In [1]:
%%capture
!pip install -r requirements.txt

## Data Export

This notebook exports Reddit data from r/movies for social network analysis using a **hybrid approach**:
1. **Pushshift API** - Get post IDs from specific date range (no 1000-post limit)
2. **Reddit API (PRAW)** - Fetch current post data with up-to-date scores and comments

This allows us to collect historical data while getting the most current engagement metrics.

### Imports

In [2]:
import pandas as pd
from datetime import datetime, timedelta

from utils.reddit_utils import get_reddit_instance, fetch_post_ids_by_daterange, fetch_posts_by_ids
from utils.file_utils import save_to_csv, read_from_csv, save_to_json, read_from_json, file_exists, get_date_range

In [3]:
reddit = get_reddit_instance()

print(f"Read-only mode: {reddit.read_only}")
print(f"User agent: {reddit.config.user_agent}")

Read-only mode: True
User agent: Miserable_Seaweed691


### Data Extraction

In [4]:
start_date, end_date = get_date_range(
    '2024-07-01', '2024-08-01'
)

subreddit_name = 'movies'
date_format = "%Y%m%d"

post_ids_filename = f'id_{subreddit_name}_{start_date.strftime(date_format)}_{end_date.strftime(date_format)}.json'
posts_filename = f'{subreddit_name}_{start_date.strftime(date_format)}_{end_date.strftime(date_format)}.csv'

In [None]:
if file_exists(post_ids_filename):
    post_ids = read_from_json(post_ids_filename)
else:
    post_ids = fetch_post_ids_by_daterange(
        subreddit_name,
        start_date, end_date,
        limit=2000,
        reddit=reddit
    )
    save_to_json(post_ids, post_ids_filename)
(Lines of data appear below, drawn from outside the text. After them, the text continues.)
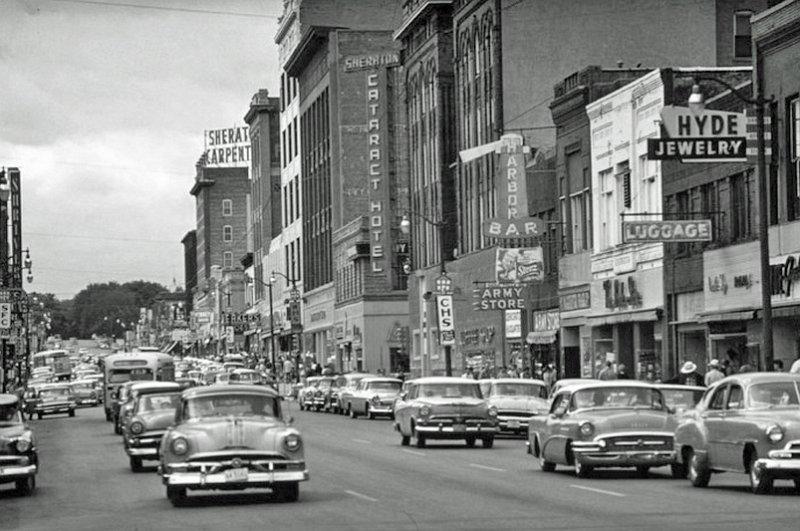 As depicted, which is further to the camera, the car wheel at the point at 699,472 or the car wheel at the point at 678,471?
the car wheel at the point at 678,471

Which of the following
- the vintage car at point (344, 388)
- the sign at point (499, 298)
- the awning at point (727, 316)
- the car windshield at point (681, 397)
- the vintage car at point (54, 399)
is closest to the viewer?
the car windshield at point (681, 397)

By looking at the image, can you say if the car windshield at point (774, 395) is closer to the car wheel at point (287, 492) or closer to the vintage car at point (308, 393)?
the car wheel at point (287, 492)

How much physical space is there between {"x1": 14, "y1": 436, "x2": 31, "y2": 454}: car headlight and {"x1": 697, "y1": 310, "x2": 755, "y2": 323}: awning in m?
24.8

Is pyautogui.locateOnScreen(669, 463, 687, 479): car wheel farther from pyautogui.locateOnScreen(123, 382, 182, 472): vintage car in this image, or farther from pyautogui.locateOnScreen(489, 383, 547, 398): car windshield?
pyautogui.locateOnScreen(489, 383, 547, 398): car windshield

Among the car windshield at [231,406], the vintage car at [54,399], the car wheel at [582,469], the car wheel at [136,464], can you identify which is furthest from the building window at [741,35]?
the car windshield at [231,406]

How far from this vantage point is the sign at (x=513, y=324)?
72.8 m

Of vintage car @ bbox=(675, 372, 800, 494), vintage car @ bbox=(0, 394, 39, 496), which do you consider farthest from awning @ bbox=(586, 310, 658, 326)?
vintage car @ bbox=(0, 394, 39, 496)

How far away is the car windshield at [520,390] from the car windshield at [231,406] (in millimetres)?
20218

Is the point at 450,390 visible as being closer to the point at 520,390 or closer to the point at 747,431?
the point at 520,390

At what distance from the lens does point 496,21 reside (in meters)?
74.3

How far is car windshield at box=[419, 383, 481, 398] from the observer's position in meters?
39.7

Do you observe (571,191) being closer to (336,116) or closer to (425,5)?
(425,5)

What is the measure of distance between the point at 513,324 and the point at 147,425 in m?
41.3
if file_exists(posts_filename):
    posts = read_from_csv(posts_filename)
else:
    posts = fetch_posts_by_ids(reddit, post_ids)
    save_to_csv(posts, posts_filename)

Fetching post IDs (2024-07-01 to 2024-08-01)...
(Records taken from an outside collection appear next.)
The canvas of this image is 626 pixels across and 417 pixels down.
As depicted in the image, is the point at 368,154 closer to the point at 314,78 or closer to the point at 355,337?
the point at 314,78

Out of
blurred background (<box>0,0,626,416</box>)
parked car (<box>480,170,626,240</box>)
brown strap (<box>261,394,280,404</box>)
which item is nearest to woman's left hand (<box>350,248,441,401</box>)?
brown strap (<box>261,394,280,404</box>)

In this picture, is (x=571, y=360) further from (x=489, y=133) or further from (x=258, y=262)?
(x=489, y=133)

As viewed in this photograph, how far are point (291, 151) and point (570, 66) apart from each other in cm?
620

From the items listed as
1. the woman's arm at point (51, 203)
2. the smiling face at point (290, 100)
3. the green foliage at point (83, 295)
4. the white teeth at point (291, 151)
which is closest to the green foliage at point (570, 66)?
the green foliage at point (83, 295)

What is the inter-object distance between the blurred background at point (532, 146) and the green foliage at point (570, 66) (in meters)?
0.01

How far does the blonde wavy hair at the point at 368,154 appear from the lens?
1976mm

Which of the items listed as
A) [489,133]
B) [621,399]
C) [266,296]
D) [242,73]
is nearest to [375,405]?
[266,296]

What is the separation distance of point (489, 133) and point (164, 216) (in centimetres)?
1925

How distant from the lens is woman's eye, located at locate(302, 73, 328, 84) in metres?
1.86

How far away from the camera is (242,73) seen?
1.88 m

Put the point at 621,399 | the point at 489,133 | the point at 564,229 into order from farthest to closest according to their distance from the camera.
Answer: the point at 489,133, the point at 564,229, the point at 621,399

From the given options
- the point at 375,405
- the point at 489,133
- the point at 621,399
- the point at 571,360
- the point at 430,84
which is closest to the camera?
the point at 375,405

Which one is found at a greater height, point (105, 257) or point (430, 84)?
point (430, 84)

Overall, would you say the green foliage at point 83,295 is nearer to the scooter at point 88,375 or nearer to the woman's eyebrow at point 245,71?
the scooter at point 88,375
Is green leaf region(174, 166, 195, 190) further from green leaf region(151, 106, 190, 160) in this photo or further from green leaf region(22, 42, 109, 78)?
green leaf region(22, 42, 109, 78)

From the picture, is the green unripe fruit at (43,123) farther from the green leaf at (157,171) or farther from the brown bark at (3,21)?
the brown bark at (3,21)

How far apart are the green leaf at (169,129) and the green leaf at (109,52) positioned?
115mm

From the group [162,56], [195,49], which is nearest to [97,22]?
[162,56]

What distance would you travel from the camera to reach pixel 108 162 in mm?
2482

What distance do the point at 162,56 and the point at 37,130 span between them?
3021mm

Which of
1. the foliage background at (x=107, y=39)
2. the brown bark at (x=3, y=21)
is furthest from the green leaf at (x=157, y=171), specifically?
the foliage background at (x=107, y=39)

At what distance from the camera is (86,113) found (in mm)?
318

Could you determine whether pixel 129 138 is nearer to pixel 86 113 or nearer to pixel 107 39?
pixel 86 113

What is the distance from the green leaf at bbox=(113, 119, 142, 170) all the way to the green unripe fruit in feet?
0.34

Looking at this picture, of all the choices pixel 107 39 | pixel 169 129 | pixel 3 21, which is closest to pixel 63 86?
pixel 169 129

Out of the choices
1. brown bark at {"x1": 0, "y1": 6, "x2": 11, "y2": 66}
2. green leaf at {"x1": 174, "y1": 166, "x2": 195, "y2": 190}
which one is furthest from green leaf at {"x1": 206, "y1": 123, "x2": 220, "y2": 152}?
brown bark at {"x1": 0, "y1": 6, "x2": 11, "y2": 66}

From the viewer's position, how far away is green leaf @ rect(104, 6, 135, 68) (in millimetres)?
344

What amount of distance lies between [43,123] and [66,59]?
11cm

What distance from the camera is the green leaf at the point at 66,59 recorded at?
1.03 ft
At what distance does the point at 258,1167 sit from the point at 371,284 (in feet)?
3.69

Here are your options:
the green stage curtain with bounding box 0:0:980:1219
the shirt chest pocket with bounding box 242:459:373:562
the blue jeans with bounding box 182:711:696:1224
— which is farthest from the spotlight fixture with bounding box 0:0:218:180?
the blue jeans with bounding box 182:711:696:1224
Not all PushShift shards are active. Query results may be incomplete.


Fetching 0 posts...


[Official Pushshift website](https://pushshift.io/signup)

```
{
    detail: "User is not an authorized moderator."
}
```

Pushshift now only allows access to Reddit-authorized moderators, and only for mod-related purposes (moderation, safety, guideline enforcement), so a regular Reddit user (or a non-mod script) will be blocked exactly with that message.